Exercise brief | Transcribe the data underneath exactly. No images belong in your version.

Dataset excerpt |
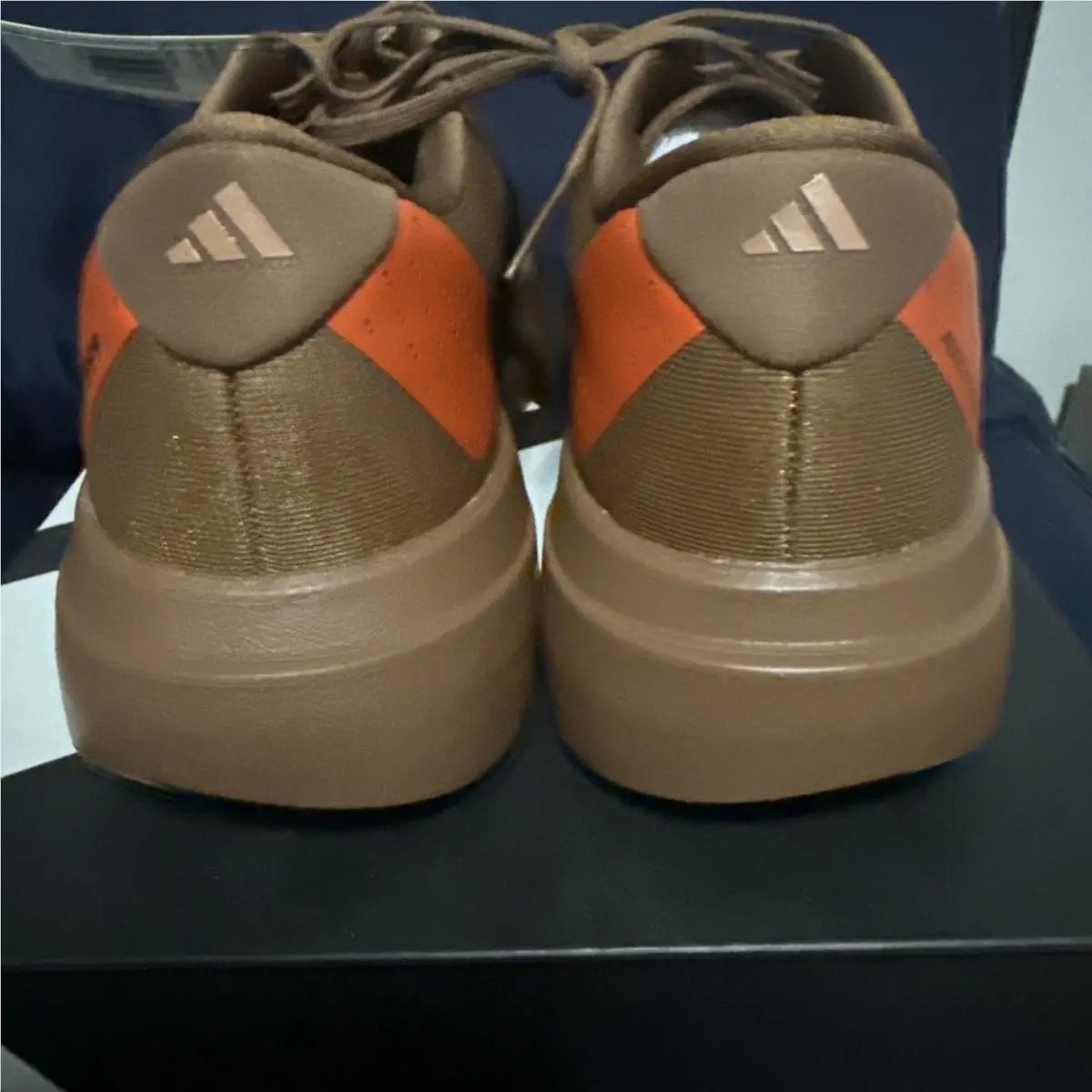 Adidas shoes - adidas Adizero - Adizero - Brown 4
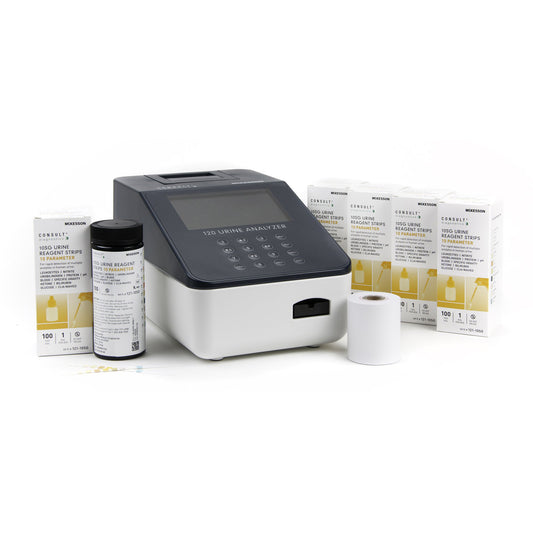 Urine Analyzer McKesson Consult™ CLIA Waived - 121-10SGPROMO5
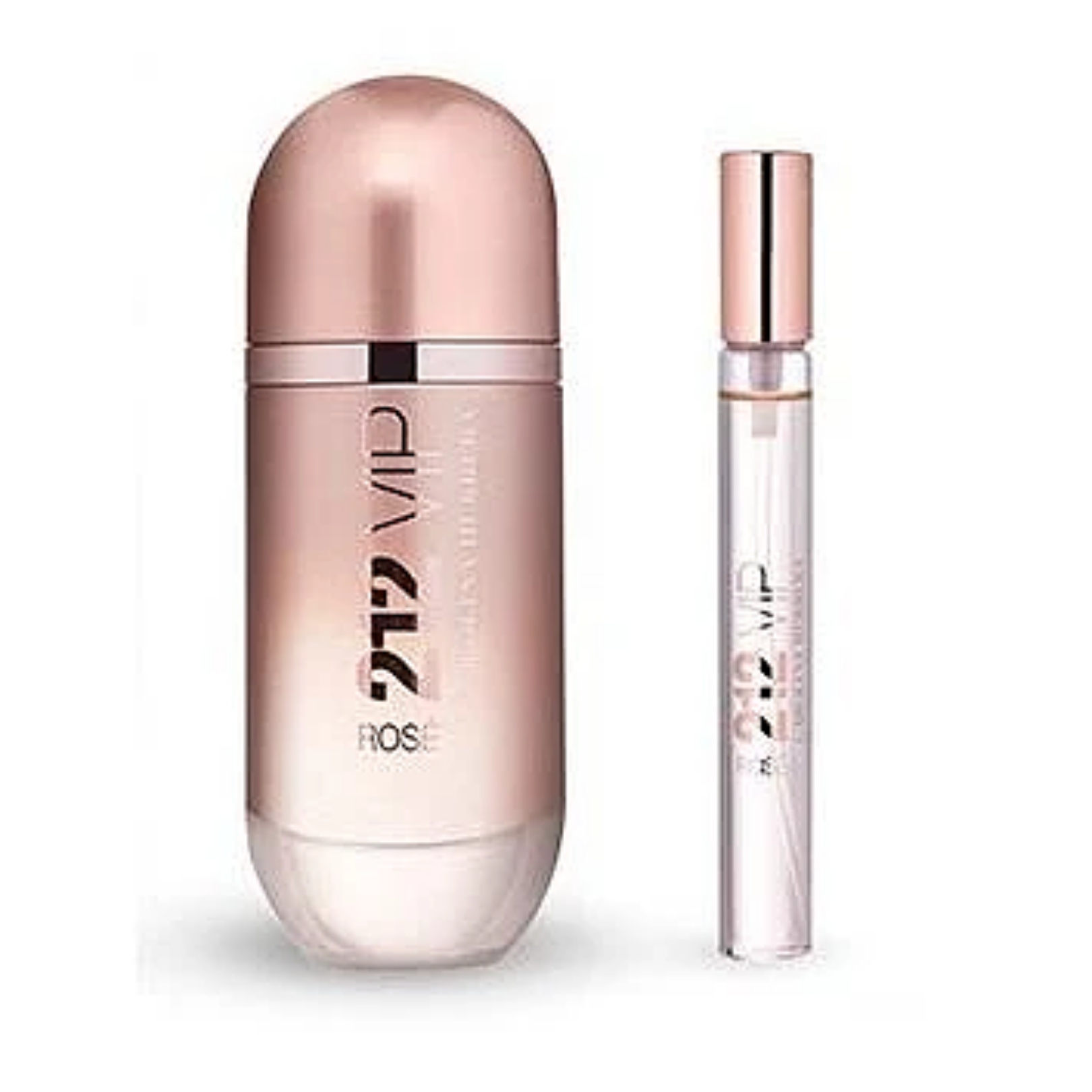212 VIP Rose Estuche 80ml+10ml EDP Mujer Carolina Herrera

Written solution |
 Adidas shoes - adidas Adizero - Adizero - Brown 4
 Urine Analyzer McKesson Consult™ CLIA Waived - 121-10SGPROMO5
212 VIP Rose Estuche 80ml+10ml EDP Mujer Carolina Herrera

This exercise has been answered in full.